Look below for the line that has "Rolex Datejust 31mm"; output exactly from it through the line that has "SDS Bottes de motard élégantes le noir 1", and leave the pictures out.

Material supplied >>
──────────
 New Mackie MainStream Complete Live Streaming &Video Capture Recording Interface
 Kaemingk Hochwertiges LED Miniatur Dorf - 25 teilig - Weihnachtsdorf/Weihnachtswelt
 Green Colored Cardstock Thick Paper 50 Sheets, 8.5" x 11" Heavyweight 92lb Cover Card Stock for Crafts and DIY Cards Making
──────────
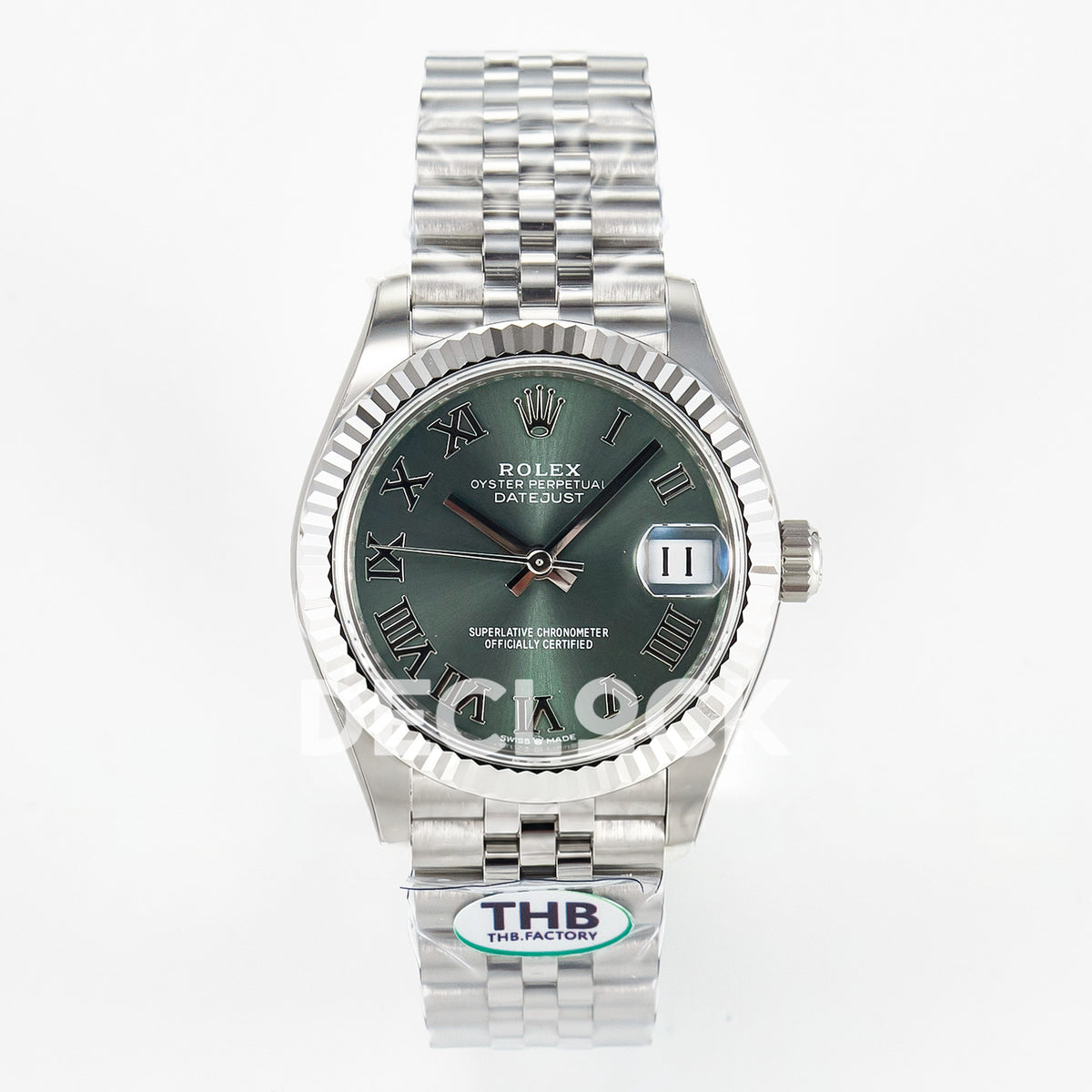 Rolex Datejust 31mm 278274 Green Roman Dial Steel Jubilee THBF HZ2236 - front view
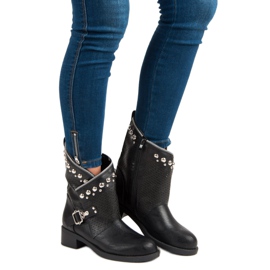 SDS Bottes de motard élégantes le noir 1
──────────
Output below >>
 Rolex Datejust 31mm 278274 Green Roman Dial Steel Jubilee THBF HZ2236 - front view
 SDS Bottes de motard élégantes le noir 1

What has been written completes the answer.